ACTION ITEM: An exact transcription of the entries is required, with none of the pictures carried over.

Caption-style text data:
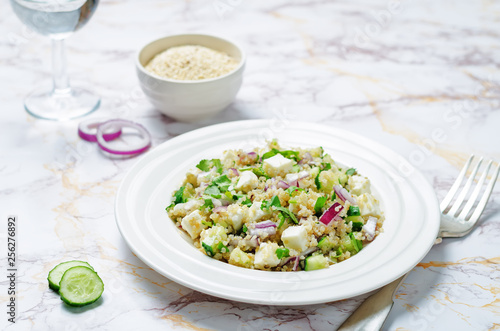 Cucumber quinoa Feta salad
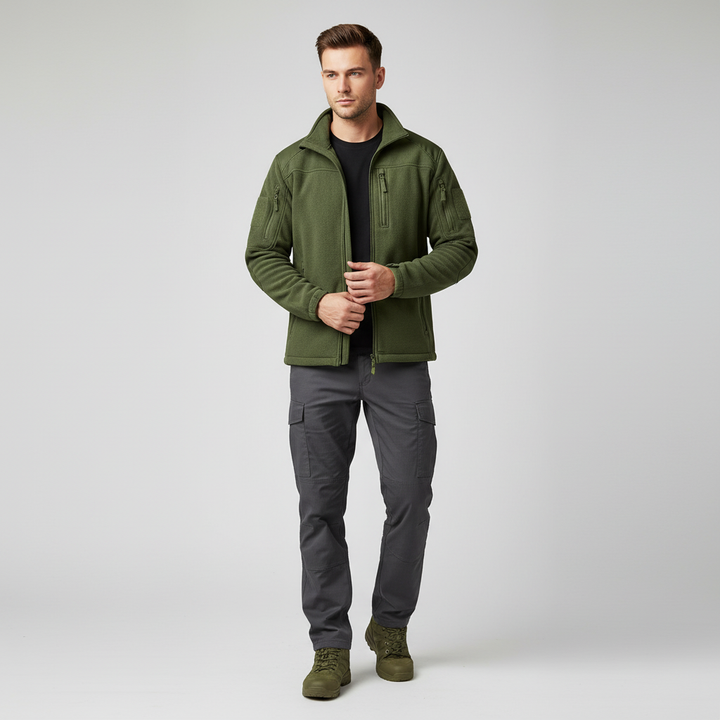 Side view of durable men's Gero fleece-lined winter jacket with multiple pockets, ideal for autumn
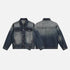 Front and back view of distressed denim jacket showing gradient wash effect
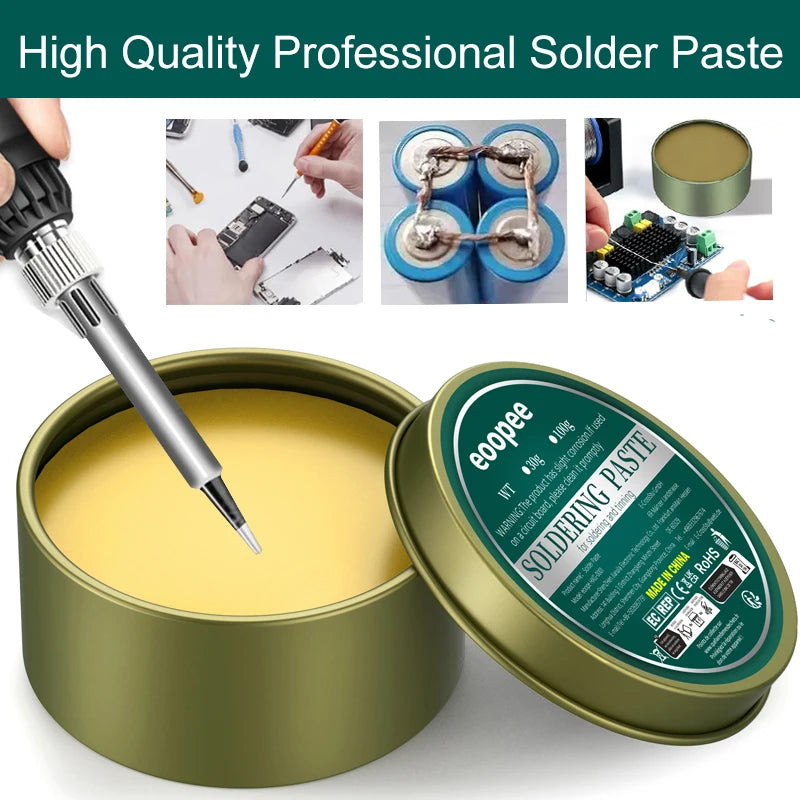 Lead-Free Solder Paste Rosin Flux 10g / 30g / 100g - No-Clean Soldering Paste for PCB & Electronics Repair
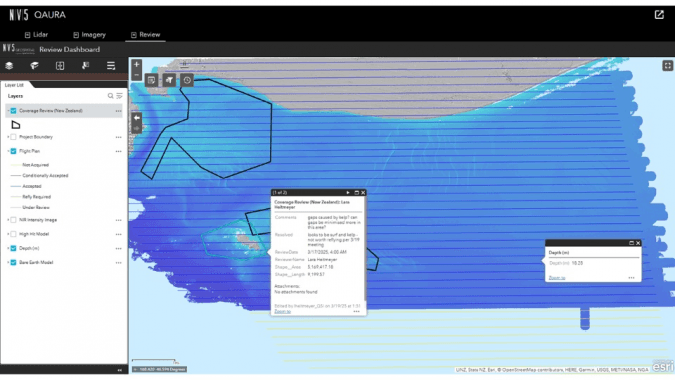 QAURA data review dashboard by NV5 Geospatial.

RESULT OF THE EXERCISE:
 Cucumber quinoa Feta salad
 Side view of durable men's Gero fleece-lined winter jacket with multiple pockets, ideal for autumn
 Front and back view of distressed denim jacket showing gradient wash effect
 Lead-Free Solder Paste Rosin Flux 10g / 30g / 100g - No-Clean Soldering Paste for PCB & Electronics Repair
 QAURA data review dashboard by NV5 Geospatial.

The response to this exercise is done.